Cell-cultured seafood start-up Forsea Foods has successfully replicated the traditional Japanese unagi eel (Anguilla japonica) featuring the same tender, succulent texture and rich savoury flavour as real eel.
The visionary start-up has been working together with the celebrated executive chef Katsumi Kusumoto to create two popular traditional Japanese dishes – unagi kabayaki (marinated grilled eel over rice) and unagi nigiri. Kusumoto runs the vegan restaurant Saido in Tokyo, which was voted the world’s best vegan restaurant in 2019 by the online vegan and vegetarian restaurant guide Happy Cow.
The company has achieved a working proof-of-concept that embodies the sensory attributes of real eel meat and is now prepped for scale-up. In the collaboration, Forsea contributes its novel technology for cell-cultivating eel cuts, while Kusumoto contributes his culinary mastery to refine the product to perfection in texture and flavour.
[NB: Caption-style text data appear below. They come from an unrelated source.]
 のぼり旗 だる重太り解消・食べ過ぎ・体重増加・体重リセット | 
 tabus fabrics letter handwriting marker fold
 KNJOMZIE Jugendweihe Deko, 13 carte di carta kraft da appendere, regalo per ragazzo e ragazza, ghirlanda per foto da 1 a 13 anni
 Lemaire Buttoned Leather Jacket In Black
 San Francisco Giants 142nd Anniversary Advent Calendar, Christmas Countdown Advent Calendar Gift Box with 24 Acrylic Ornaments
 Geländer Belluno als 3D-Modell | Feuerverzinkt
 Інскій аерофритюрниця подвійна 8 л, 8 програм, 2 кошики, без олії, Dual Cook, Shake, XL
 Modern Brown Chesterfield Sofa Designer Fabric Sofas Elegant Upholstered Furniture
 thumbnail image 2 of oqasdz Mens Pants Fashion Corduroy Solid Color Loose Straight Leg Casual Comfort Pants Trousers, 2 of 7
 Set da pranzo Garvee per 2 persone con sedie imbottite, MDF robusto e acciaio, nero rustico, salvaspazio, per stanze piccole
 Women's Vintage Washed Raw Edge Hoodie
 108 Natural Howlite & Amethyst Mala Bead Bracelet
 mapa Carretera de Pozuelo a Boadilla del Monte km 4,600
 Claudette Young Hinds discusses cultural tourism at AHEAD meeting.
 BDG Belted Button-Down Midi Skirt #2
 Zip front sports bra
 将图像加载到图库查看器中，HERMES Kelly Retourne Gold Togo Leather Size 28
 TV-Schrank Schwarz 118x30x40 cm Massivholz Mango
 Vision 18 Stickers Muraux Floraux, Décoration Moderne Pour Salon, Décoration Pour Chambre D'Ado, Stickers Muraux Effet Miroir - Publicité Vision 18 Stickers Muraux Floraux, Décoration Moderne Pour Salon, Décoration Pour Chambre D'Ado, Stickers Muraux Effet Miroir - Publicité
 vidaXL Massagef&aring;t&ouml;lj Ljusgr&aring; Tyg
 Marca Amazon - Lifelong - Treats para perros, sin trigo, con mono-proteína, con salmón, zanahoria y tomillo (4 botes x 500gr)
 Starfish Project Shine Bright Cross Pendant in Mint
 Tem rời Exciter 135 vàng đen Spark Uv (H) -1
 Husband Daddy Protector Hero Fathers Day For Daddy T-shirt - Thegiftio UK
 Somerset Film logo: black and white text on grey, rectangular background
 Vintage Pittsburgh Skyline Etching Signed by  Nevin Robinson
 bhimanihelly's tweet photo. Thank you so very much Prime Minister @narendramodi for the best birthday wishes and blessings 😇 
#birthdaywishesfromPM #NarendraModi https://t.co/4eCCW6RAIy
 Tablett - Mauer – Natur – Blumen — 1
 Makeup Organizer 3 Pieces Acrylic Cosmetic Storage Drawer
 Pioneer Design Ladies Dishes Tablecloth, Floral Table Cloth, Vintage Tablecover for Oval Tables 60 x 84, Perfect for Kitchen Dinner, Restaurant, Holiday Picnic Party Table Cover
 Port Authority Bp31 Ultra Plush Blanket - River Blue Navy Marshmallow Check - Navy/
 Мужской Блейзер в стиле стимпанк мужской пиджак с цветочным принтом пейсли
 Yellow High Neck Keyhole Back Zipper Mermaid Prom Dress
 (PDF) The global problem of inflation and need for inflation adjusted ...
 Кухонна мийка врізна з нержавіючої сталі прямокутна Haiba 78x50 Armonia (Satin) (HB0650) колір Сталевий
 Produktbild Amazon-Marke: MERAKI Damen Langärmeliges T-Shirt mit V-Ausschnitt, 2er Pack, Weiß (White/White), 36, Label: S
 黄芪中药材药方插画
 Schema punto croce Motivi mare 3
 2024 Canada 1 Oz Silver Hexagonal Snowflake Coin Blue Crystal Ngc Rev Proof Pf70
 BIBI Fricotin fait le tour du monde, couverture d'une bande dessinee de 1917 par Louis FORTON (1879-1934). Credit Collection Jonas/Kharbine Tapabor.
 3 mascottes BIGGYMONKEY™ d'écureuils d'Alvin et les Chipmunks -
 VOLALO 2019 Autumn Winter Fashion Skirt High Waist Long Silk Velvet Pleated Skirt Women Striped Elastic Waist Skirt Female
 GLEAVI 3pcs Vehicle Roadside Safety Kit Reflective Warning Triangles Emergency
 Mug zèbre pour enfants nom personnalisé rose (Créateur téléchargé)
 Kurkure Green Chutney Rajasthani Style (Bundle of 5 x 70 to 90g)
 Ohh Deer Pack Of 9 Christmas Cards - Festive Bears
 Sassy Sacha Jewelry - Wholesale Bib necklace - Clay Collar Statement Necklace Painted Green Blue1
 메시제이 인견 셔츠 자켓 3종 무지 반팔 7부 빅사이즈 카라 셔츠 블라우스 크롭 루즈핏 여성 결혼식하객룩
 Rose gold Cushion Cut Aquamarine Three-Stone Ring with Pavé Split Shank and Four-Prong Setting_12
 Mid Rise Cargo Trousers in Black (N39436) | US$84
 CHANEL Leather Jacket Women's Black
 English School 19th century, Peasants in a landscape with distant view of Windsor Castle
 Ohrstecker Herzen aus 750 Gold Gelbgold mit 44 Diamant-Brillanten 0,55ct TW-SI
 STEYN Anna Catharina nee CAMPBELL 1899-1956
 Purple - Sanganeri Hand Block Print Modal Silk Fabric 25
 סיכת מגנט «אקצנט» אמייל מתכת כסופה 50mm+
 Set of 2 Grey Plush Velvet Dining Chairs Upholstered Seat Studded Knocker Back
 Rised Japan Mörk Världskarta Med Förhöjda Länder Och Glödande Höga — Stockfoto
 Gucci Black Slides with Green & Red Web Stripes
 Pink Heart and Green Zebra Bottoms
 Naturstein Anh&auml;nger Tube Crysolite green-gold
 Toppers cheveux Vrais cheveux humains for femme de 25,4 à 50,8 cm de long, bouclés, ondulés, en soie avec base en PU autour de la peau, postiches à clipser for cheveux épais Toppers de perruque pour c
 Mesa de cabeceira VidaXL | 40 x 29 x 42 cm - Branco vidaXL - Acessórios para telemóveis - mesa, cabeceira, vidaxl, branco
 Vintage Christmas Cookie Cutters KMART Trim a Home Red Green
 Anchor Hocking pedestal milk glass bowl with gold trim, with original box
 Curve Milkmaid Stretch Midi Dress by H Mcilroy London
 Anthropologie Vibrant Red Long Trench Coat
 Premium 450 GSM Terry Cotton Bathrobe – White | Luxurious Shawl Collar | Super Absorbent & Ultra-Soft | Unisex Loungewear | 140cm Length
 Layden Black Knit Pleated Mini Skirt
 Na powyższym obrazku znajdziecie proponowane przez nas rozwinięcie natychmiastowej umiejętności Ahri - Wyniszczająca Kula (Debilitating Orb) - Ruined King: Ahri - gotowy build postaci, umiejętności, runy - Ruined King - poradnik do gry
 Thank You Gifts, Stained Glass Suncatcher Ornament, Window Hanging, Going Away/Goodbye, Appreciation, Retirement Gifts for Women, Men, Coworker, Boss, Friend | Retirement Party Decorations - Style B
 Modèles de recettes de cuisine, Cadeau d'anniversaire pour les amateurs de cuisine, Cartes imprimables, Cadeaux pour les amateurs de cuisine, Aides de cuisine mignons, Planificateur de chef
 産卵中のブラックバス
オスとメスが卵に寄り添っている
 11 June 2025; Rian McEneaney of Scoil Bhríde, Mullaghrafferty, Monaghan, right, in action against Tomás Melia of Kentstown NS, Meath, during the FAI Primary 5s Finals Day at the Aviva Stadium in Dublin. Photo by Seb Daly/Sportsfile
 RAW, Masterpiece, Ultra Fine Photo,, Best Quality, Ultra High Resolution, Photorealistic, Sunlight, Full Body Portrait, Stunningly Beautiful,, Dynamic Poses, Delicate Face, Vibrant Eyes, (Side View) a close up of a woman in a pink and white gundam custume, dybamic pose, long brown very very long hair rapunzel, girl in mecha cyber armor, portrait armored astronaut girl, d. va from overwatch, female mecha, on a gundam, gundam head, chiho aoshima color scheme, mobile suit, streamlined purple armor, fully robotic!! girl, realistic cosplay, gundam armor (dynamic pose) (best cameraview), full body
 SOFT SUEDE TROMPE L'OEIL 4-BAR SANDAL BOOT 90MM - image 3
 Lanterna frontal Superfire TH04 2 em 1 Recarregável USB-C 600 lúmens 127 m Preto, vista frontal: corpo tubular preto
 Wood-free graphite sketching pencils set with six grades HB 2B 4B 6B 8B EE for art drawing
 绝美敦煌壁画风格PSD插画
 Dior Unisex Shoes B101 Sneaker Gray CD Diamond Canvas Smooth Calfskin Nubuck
Forsea was the winner of the Startup Pitch Hour Prize at the Asia-Pacific Agri-Food Innovation Summit last October in Singapore.
“Unagi is an enduring favourite in Japan,” informs Kusumoto. “Its timeless appeal, however, is impacted by a growing awareness among the Japanese population of the need to take a more sustainable approach. It’s been a thrilling journey to join forces with emerging innovators, and working together to deliver the traditional unagi indulgence with a clear eco-conscience.”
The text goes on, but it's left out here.